This study was conducted at the National Tree Seed Centre of the Forestry Research Centre at Soba-Khartoum, Sudan, 2009, to investigate the importance of the morphological abnormalities in seedling as polyembryony of Ziziphus spina-christi (L.) Wild, as an important indigenous and multipurpose species in Sudan.

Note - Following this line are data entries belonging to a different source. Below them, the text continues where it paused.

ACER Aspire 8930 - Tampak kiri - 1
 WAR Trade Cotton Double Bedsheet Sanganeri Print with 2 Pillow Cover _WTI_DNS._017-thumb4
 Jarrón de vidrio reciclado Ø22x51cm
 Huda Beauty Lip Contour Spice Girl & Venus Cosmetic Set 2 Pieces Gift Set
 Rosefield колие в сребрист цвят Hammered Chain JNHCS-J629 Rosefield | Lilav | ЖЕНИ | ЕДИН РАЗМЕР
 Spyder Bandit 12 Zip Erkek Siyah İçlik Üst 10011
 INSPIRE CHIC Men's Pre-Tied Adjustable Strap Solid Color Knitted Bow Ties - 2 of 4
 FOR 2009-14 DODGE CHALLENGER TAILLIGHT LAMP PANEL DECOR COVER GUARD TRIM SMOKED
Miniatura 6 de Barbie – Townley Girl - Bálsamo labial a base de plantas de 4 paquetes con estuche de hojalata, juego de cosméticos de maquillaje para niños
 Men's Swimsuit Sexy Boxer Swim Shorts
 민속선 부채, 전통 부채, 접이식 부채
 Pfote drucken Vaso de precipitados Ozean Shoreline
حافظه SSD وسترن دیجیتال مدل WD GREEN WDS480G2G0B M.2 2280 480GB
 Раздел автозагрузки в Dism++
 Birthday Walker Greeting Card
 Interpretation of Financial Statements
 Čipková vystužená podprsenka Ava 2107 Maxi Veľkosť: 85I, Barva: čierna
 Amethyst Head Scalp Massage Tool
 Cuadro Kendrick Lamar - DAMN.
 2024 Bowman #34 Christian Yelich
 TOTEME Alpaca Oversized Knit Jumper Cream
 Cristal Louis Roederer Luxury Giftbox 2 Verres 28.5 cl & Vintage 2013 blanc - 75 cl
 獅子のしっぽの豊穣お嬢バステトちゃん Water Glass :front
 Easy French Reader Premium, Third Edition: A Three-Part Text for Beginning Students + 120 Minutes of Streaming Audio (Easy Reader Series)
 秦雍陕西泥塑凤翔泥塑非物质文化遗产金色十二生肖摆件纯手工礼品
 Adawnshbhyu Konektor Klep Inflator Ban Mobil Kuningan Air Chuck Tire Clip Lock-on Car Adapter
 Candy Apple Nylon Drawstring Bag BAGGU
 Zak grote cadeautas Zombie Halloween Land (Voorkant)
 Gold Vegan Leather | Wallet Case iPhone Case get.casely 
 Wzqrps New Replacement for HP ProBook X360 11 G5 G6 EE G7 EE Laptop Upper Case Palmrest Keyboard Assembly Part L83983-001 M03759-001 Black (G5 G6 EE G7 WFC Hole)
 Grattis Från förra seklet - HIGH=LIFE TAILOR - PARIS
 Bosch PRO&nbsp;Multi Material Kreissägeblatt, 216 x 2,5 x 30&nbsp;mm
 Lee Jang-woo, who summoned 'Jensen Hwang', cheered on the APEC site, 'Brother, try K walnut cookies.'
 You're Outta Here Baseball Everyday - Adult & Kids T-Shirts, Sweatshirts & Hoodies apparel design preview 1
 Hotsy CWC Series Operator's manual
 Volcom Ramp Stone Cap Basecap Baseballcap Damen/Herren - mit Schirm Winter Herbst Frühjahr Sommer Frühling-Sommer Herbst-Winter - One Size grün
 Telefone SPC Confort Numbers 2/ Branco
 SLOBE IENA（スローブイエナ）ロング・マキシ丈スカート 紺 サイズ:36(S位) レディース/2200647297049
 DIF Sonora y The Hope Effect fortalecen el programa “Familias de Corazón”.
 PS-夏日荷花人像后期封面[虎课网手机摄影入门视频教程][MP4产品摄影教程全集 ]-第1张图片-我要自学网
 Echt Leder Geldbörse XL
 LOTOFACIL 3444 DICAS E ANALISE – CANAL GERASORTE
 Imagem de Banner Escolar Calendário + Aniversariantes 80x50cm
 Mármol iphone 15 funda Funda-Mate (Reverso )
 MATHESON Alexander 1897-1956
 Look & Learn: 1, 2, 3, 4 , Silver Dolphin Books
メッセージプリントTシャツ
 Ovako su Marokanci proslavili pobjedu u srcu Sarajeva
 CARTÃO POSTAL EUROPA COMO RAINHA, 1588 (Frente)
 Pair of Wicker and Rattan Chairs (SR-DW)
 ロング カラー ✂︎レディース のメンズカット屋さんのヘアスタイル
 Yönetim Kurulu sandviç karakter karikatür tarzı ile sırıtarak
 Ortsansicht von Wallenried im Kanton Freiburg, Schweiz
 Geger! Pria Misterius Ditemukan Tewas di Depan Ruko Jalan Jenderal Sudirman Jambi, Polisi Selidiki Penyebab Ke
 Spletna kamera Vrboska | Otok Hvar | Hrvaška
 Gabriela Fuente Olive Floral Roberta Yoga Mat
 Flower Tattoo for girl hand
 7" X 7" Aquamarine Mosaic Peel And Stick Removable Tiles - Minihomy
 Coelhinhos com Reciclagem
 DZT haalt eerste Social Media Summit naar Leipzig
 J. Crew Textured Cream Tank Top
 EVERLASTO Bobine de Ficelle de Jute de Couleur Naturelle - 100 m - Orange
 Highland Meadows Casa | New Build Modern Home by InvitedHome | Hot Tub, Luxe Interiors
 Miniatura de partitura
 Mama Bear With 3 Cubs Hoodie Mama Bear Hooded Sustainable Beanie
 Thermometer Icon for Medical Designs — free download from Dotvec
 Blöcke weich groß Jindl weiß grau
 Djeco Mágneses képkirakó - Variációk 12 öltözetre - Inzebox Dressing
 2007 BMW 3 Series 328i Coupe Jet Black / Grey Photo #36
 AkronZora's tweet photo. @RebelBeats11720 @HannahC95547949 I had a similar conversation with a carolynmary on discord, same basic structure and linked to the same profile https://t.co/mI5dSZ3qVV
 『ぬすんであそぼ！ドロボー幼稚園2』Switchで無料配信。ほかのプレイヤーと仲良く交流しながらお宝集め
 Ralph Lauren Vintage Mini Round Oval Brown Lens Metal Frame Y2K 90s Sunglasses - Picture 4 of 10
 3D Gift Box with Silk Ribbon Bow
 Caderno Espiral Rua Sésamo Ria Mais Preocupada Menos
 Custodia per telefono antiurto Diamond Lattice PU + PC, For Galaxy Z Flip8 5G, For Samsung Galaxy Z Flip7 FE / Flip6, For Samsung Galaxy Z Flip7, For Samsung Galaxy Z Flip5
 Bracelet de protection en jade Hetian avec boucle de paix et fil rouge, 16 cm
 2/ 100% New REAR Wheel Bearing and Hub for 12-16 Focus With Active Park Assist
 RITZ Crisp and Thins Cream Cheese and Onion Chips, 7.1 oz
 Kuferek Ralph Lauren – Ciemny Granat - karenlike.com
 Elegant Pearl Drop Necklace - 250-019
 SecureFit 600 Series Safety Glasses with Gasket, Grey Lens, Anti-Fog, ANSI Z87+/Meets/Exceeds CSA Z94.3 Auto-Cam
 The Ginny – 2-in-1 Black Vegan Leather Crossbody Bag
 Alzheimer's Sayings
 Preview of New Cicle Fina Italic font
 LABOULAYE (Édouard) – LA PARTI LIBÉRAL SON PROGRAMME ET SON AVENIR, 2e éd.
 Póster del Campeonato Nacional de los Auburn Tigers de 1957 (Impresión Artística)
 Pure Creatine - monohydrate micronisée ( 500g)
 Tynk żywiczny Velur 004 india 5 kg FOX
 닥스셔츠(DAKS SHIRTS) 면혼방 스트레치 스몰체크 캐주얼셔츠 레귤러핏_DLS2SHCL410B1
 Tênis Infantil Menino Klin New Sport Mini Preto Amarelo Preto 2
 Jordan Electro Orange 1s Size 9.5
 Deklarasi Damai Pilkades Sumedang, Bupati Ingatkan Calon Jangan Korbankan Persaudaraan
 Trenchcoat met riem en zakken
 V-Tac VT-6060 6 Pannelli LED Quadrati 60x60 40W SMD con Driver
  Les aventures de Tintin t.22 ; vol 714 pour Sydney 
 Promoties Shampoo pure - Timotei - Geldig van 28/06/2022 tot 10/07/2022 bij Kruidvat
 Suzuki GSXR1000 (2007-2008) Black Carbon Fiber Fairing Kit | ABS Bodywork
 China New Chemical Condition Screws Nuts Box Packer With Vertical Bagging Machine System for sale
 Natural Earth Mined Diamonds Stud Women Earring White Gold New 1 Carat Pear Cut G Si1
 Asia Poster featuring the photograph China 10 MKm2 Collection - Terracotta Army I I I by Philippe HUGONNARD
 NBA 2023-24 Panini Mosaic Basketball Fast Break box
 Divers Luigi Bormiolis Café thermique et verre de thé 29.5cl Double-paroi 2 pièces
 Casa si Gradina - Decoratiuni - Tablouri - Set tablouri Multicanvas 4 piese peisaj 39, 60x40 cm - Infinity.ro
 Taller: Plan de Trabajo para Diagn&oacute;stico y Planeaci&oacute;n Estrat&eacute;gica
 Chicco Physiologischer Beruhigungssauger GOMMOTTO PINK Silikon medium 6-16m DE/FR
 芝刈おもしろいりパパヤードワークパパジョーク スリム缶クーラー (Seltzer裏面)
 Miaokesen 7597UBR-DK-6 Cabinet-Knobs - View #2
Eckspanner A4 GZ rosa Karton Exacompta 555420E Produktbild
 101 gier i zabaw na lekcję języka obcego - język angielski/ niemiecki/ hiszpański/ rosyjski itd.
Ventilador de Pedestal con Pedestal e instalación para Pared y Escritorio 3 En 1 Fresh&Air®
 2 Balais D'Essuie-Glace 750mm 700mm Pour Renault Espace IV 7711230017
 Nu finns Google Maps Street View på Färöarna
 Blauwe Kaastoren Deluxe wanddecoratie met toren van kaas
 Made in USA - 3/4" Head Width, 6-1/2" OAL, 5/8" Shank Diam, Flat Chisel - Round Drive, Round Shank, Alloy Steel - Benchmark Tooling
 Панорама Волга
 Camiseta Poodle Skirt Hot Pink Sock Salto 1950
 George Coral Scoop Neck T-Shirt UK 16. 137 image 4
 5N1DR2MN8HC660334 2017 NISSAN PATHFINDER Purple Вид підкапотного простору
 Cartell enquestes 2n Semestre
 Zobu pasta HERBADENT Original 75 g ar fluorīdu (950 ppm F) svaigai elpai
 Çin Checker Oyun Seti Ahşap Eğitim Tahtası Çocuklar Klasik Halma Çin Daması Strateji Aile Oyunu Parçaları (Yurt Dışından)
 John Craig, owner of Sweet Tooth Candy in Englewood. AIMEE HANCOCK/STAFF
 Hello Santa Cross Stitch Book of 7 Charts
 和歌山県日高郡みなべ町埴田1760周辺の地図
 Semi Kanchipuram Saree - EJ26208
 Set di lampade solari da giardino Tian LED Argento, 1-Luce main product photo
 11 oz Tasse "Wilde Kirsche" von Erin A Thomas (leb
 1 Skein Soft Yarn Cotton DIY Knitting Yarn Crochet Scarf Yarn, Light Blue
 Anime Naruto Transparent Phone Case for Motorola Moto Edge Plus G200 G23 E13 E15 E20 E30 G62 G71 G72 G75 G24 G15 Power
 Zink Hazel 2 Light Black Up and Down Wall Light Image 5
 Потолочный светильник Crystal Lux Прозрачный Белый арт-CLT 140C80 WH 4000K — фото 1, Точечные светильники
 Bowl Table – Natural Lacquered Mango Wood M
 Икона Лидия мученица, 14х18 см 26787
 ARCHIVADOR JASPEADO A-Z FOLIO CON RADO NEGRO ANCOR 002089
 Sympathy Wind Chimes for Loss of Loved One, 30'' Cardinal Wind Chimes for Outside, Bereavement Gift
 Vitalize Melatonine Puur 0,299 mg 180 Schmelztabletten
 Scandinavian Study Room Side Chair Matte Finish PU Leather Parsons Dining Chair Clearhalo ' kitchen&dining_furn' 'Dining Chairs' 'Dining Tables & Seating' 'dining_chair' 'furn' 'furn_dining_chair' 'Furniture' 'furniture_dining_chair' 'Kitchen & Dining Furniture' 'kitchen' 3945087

The study revealed the strategy of the species of producing large kernels that contain 2-seeded to guarantee the production of twin seedlings for survival purposes. This phenomenon was studied at provenance level after subjecting the species kernels to many dormancy breaking treatments to show their variation in twin seedling characteristics and the response of the twin seedling emergences to the dormancy breaking treatments. The results showed a very high significant response of twin seedlings’ emergence to the dormancy breaking treatments, and twin seedlings’ emergence showed a very high significant response to provenance.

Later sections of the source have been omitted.